An important implication here is that as rates will be statistically non-independent at various time intervals throughout the history of the clade of interest, patterns gleaned from simple summaries (e.g. interval means) of rates through time (RTT) can potentially be misleading. Simple RTT plots are prevalent in recent literature (e.g. [10,16–21]), the profiles of which are routinely interpreted at face value, with peaks and troughs representing periods of bursts and declines in rates [16,17,19]. However, accounting for phylogenetic non-independence by assuming strong phylogenetic signal uniformly across all time slices [8]—i.e. phylogenetic mean α from our GLSλ=1 models across time slices—results in phylogenetic RTT profiles that are often different from those of non-phylogenetic RTT (figure 2). Thus, non-phylogenetic RTT profiles cannot be taken at face value without knowledge of phylogenetic signal through time. More crucially, this implies that statistical analyses of rates need also account for phylogenetic non-independence. Testing hypotheses of external influences (ecological or environmental) on rates of evolution would require the application of appropriate phylogenetic statistical methods – e.g. phylogenetic regression models [14,22]. Not doing so would run the risk of misleading statistical results [2,5].

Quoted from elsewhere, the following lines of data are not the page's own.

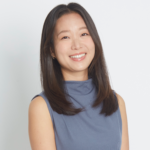 Melanie Hyo-In Han is smiling at the camera against a light grey background. She has shoulder-length dark brown hair and is wearing a slate-blue top.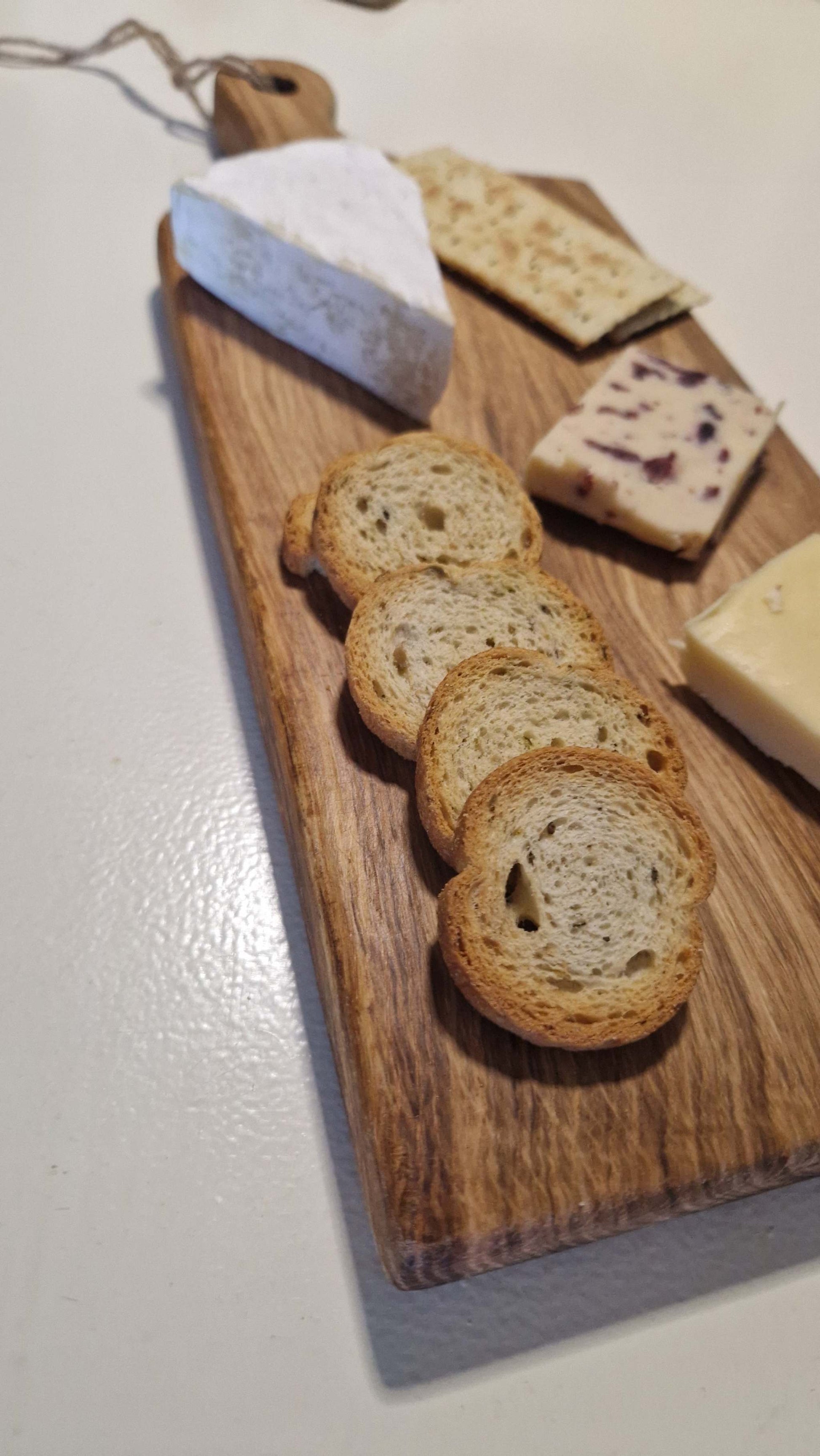 Handmade oak charcuterie board with assorted cheeses and bread slices.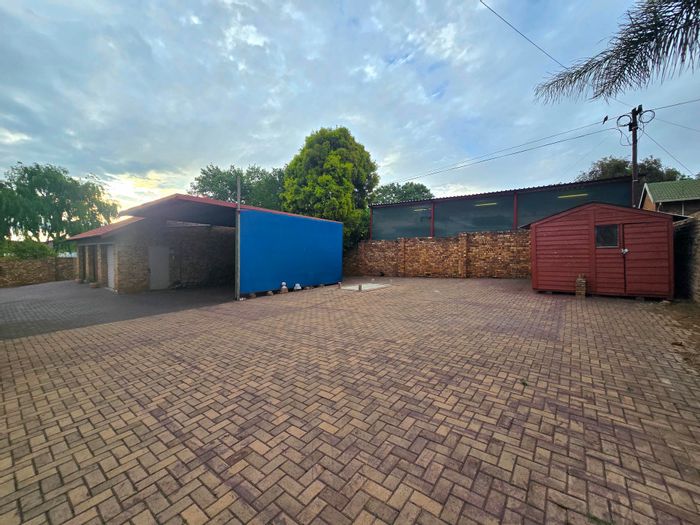 For Sale: House in Dennesig with multiple flats, garages, and rental income potential.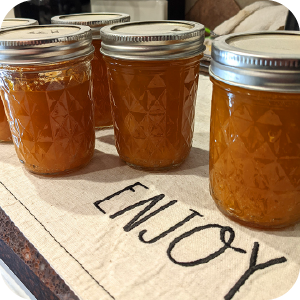 Close-up of jars filled with homemade peach jam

As phenotypic evolutionary rates have been interpreted as reflecting the intensity of natural selection [6,14], that they contain phylogenetic signal implies that ancestors and descendants as well as closely related species either: (i) share intrinsic mechanisms for selection responsiveness (e.g. genetic predisposition), (ii) share similar levels of extrinsic selection pressures (e.g. similar ecological niches, environments, etc.) or (iii) both. Two (or more) species descended from a parent species would be expected to start their respective independent evolution with the same level of intrinsic responsiveness as well as extrinsic selection pressures as, and thus at the phenotypic evolutionary rate of, the parent species. The daughter species then would be subject to independent genetic mutations and selection pressures depending on their respective environments.
However, this is not to say that descendent rates are rigidly constrained by ancestry; exceptional rate shifts along individual branches are widely observed in many traits across various groups of organisms [8,9,11,14,23]. Such exceptional rate shifts can often be orders of magnitude greater than the background rate and occur instantaneously (with respect to geological time), such that the effects of ancestry may be marginal.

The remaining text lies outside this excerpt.